* INSTRUCTIONS FOR THE TASK: The line containing "Fahrzeugabbildung SKODA Kodiaq" and every line after it, through the end of the records below, are to be reproduced exactly, with the pictures left out.

* INPUT RECORDS:
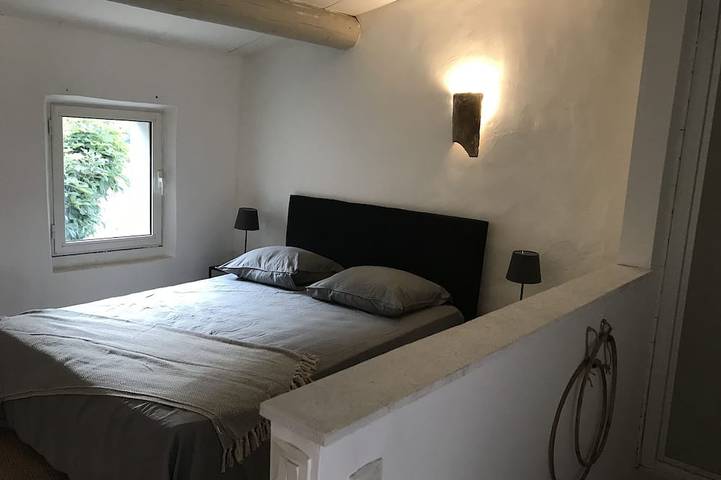 Location de vacances pour 8 personnes, avec terrasse à Saint-Martin-de-Castillon - 3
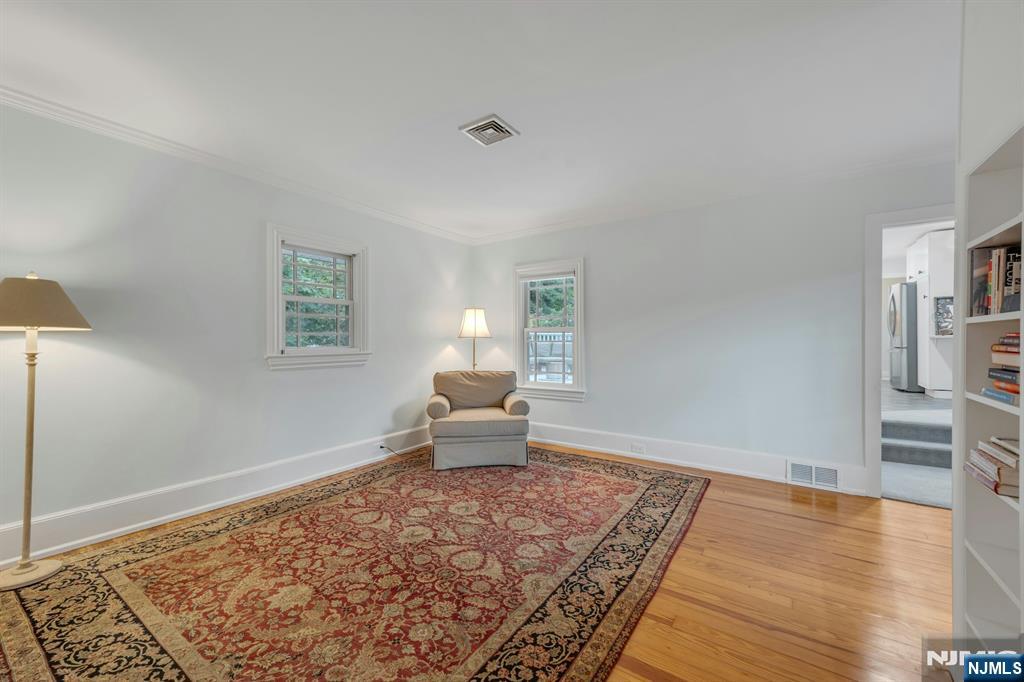 Ramsey, New Jersey, 07446, United States, 6 Bedrooms Bedrooms, ,5 BathroomsBathrooms,Residential,For Sale,1847263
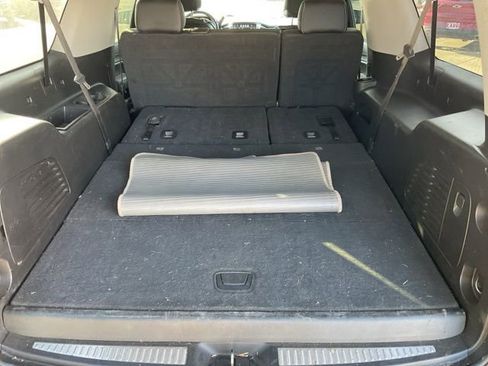 Used 2019 Chevrolet Suburban LT image 31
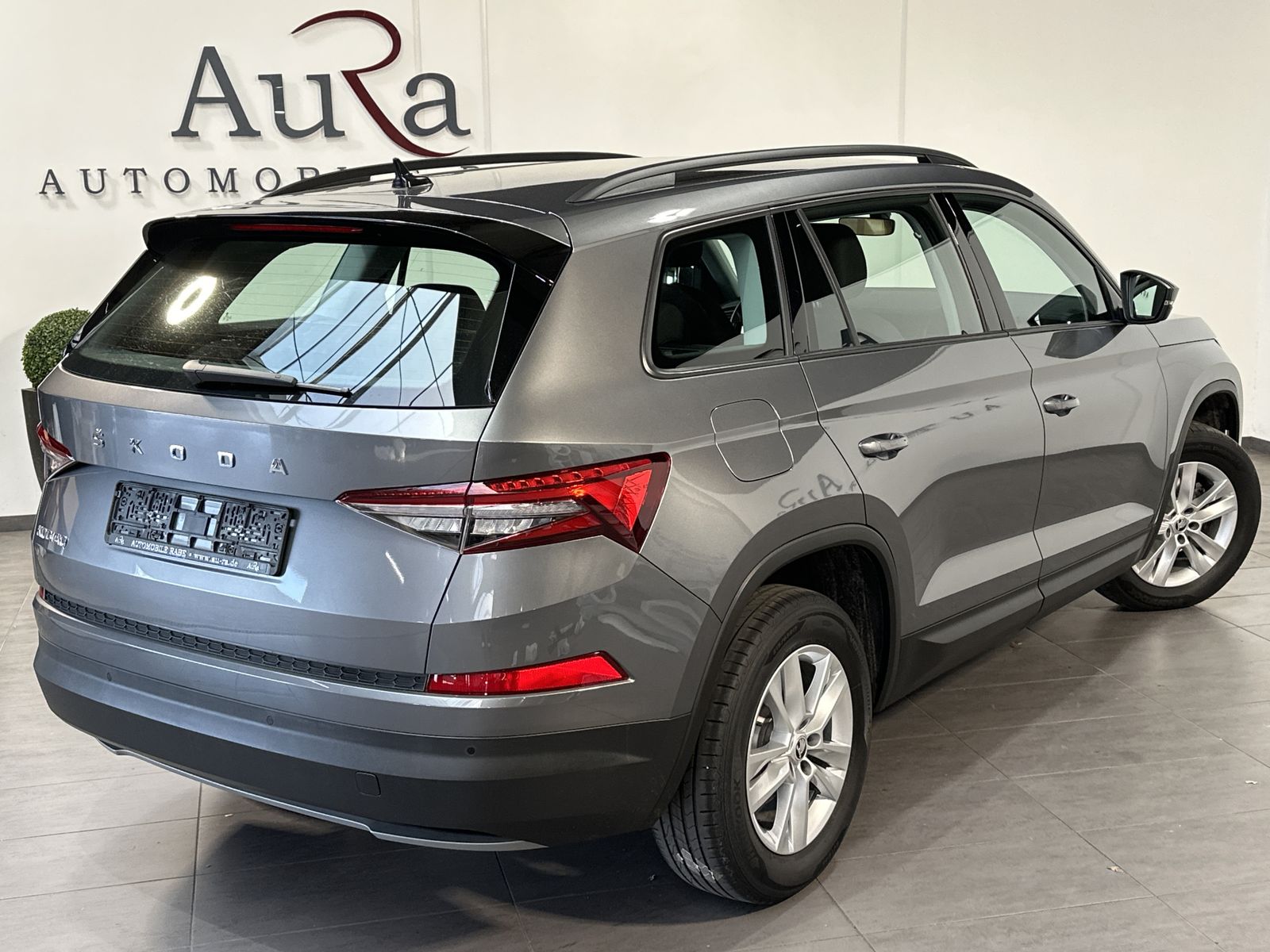 Fahrzeugabbildung SKODA Kodiaq 1.5 TSI Active NAV+LED+CARPLAY+TEMPOMAT
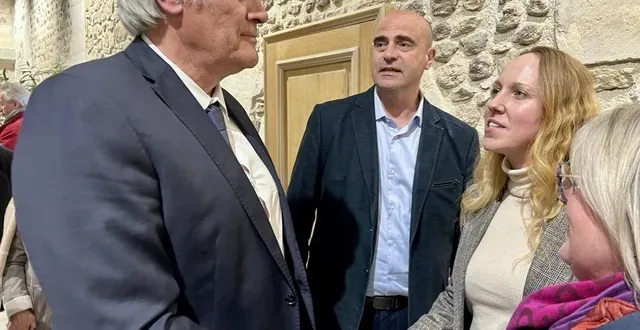 photo  réélu maire du mans, stéphane le foll (ps) serre la main de son adversaire victoria de vigneral (rn) arrivée troisième du scrutin.  &copy;  photo le maine libre 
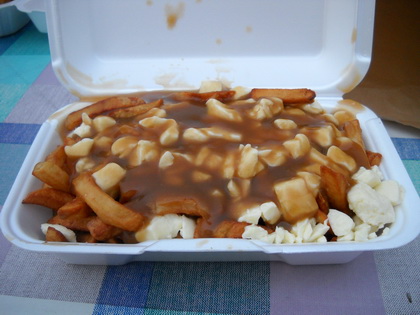 Poutine (moyenne) - Betty Lunch (Thetford Mines, Qu�bec)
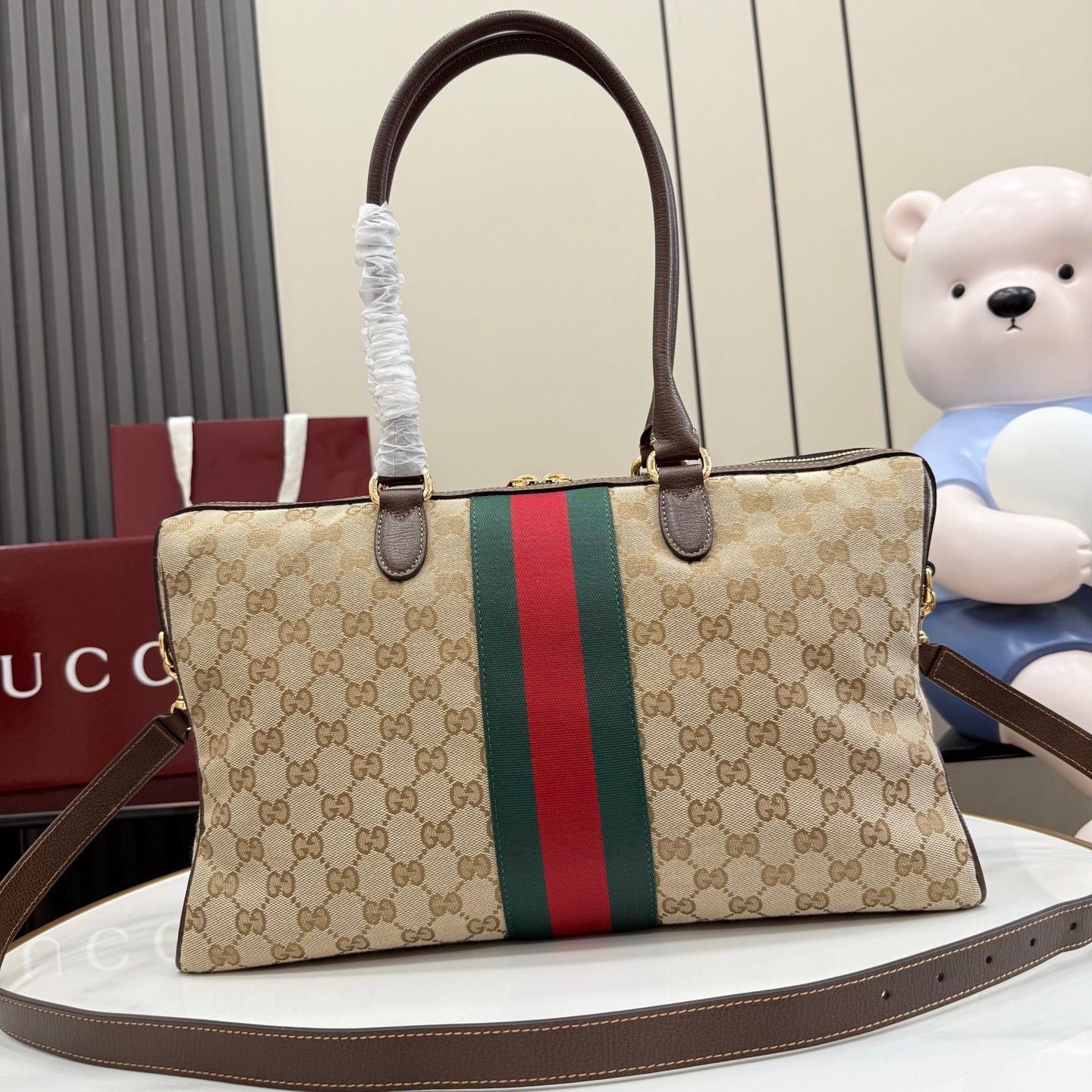 GUCCI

* OUTPUT OF THE EXERCISE:
 Fahrzeugabbildung SKODA Kodiaq 1.5 TSI Active NAV+LED+CARPLAY+TEMPOMAT
 photo  réélu maire du mans, stéphane le foll (ps) serre la main de son adversaire victoria de vigneral (rn) arrivée troisième du scrutin.  &copy;  photo le maine libre 
 Poutine (moyenne) - Betty Lunch (Thetford Mines, Qu�bec)
 GUCCI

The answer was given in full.